A UK study has found that used diesel vehicles are less reliable and more expensive to fix than their petrol counterparts.
The report by warranty provider Motoreasy analysed 30,000 three to eight-year-old vehicles over a 12-month period and found that diesel models broke down three times more on average. As the diesel market drops in the UK, buyers are moving to the used market to purchase the technology, partially due to older vehicle excise duty (VED) rates remaining favourable.
Drivers of diesels are also likely to pay bigger repair bills, partially due to the complexity of the engine and its components compared to petrol vehicles. The average engine repair bill for a diesel was £517 compared with £433 for a petrol vehicle, a difference of 20%.
Duncan McClure Fisher, the founder of MotorEasy, comments: “Diesels experience many more small problems than petrol cars. They are less reliable and, when a big item goes wrong, it costs a lot more to put right.”
He advised: “If you’re still considering a used diesel car, our advice is to avoid high-mileage examples, particularly if you are only driving low mileage or doing city driving.”
With engine faults, in particular, being far more prevalent in diesels than petrol cars, the biggest repair cost amounted to an eye-watering £4,030.80.
Diesel cars are less reliable than petrol for more than seven in 10 manufacturers (71%), with Alfa Romeo oil-burners faring the worst against their petrol counterparts and experiencing a fault almost four times as often. The most reliable diesel cars are made by Skoda, with a failure rate of just 9%, the report states.
Alfa Romeo, Chevrolet, Land Rover, Kia and Mazda diesels have the highest average diesel engine repair cost versus petrol counterparts.
The higher rate of diesel engine failures is mostly down to the fact that diesel engines are under more pressure than petrol counterparts. Diesel units rely on self-compression, meaning that fuel is compressed to a much greater extent, putting more pressure on internal engine parts. The higher pressures within can also lead to more wear and tear, adding to the potential of a component failure.
Only seven of 25 car makers analysed showed fewer breakdowns for diesel models. Petrol-powered BMWs experienced faults 60% more often, while Audi, Skoda, Lexus, MINI, Peugeot and Porsche also bucked the trend.

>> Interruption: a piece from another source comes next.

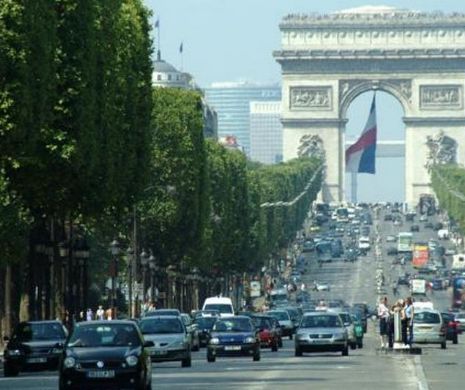 Autoritățile franceze reduc limita maximă de viteză din cauza poluării din zona Parisului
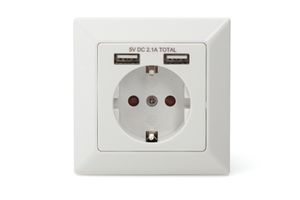 Digitus DA-70613 Stopcontact (onderbouw) Met USB Wit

Diesel is being continuously demonised in the UK, with the government announcing that new vehicles sold will be put into a higher band of VED for their first year of registration. This has confused the automotive industry, as newer diesels are considered cleaner than their predecessors, and by discouraging their purchase, air quality will be impacted. This is already being seen, with CO2 levels in the country rising 0.8% in 2017, the first time since monitoring air levels began 20 years ago.